Dans cette torpeur, le père Adolph s’occupe de mener les troupes au pas, laissant planer au loin le spectre du bûcher et de l’excommunication destinés aux hérésiarques. C’est dans ce contexte que l’écrivain porte l’estocade à l’encontre des institutions religieuses aux exégèses tronquées. Comme chez Léon Bloy ou Voltaire, il s’agit chez Twain de dénoncer les dérives du sens commun, la faillite de cheminements hypothético-déductifs qui sont le sel de la transparence feinte comme de la spéculation. En somme, la prémisse d’une condamnation. Dans l’intimité des personnages, le lecteur assistera ainsi à la disgrâce spirituelle, puis à la déchéance physique de familles sous l’inflexion tyrannique du père Adolf. La débâcle des croyances s’opérera même à flanc de coteau, au sein du château abritant l’imprimerie dans laquelle travaille August. Un endroit situé au bord du précipice, qui cristallise le fossé abyssal opposant l’Eglise et le peuple – obsession d’une institution œuvrant de toutes ses forces afin d’éviter « une dispersion inconsidérée du savoir ». Mais le château va devenir lui-même le lieu d’événements miraculeux ou diaboliques. L’arrivée du « Numéro 44 » – ainsi que le jeune mendiant prétend s’appeler – déclenchera peu à peu l’hystérie des différents ouvriers et des habitants – tous au service du maître et de sa femme.

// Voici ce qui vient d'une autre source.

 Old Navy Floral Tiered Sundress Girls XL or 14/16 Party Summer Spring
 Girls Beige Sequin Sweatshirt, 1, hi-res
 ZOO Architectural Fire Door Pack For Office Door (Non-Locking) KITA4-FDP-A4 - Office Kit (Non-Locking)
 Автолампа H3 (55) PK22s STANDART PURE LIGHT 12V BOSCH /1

Le moment, pour Twain, d’explorer la peinture morale et l’art du portrait balzacien. L’orgueil du nom, la représentation sociale et le ressassement des intérêts financiers – voilà autant de verrues sur le nez des personnages, sur lesquelles l’auteur aime à insister. Il usera pour cela des codes de la parole conteuse et des légendes. Car à partir des pouvoirs surnaturels du « Numéro 44 », le récit déploie autant de tiroirs à double-fonds, venant rappeler au lecteur l’infinie ramification inhérente au merveilleux. C’est qu’il s’agit de voir les miracles s’opérer, les magiciens devenir les génies du lieu comme pour réactiver le thème de l’étranger. Un divin drôle à l’ingénuité démoniaque qui, pour solde de tout compte, léguera à la communauté de monstrueux épigones.

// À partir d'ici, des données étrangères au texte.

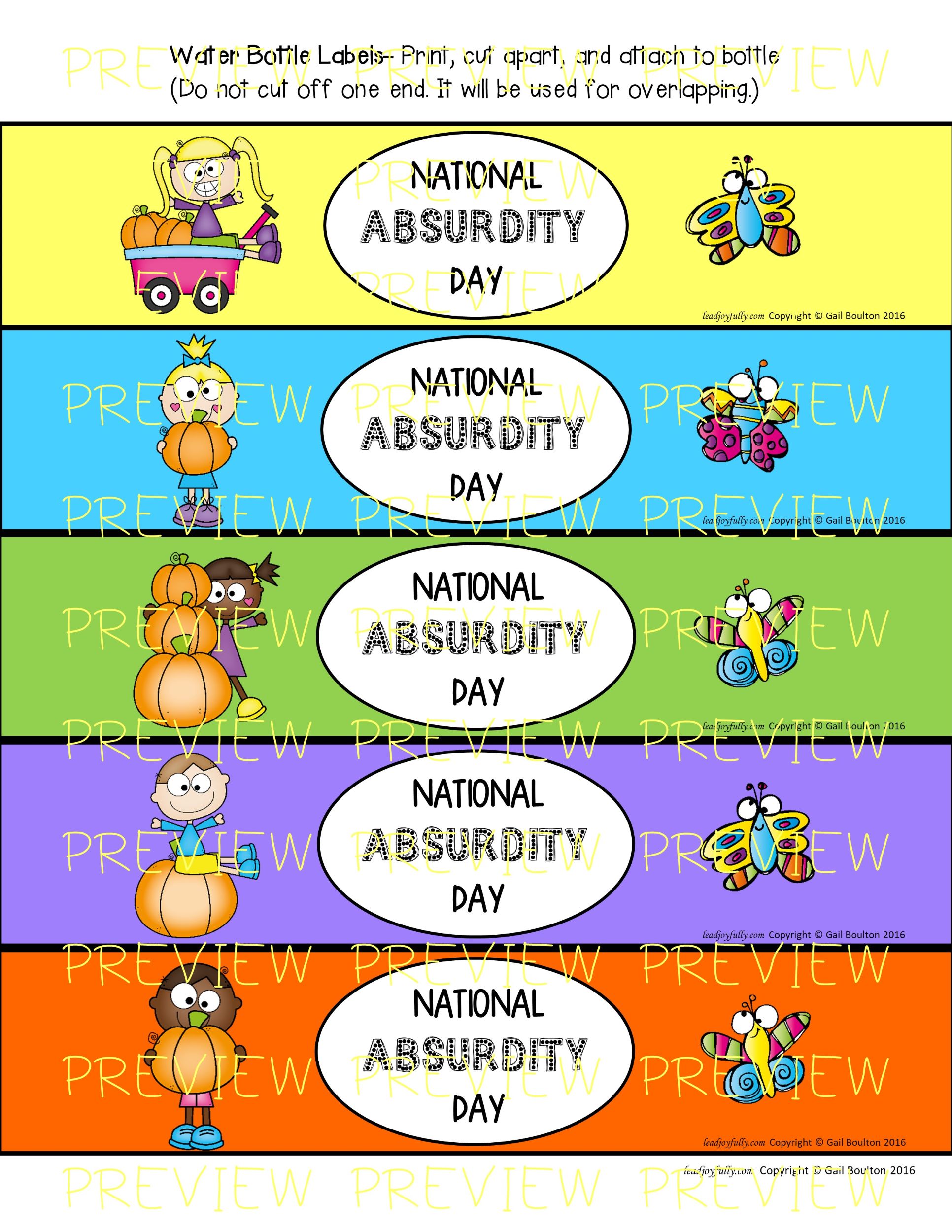 National Absurdity Day (November 20th) Lead Joyfully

Que reste-t-il alors d’original, une fois l’humanité débarrassée de son orgueil patenté de démiurge tout-puissant ? Une question volontairement laissée en suspens, car si Twain vient à connaître la réponse, il sait mieux que quiconque la limite des archétypes.

Benoît Legemble

N°44 : Le Mystérieux étranger
Mark Twain
Traduit de l’anglais (Etats-Unis) et postfacé
par Bernard Hoepffner, 281 pages, 20

Contes de l’ici-bas
Le Matricule des Anges n°123 , mai 2011.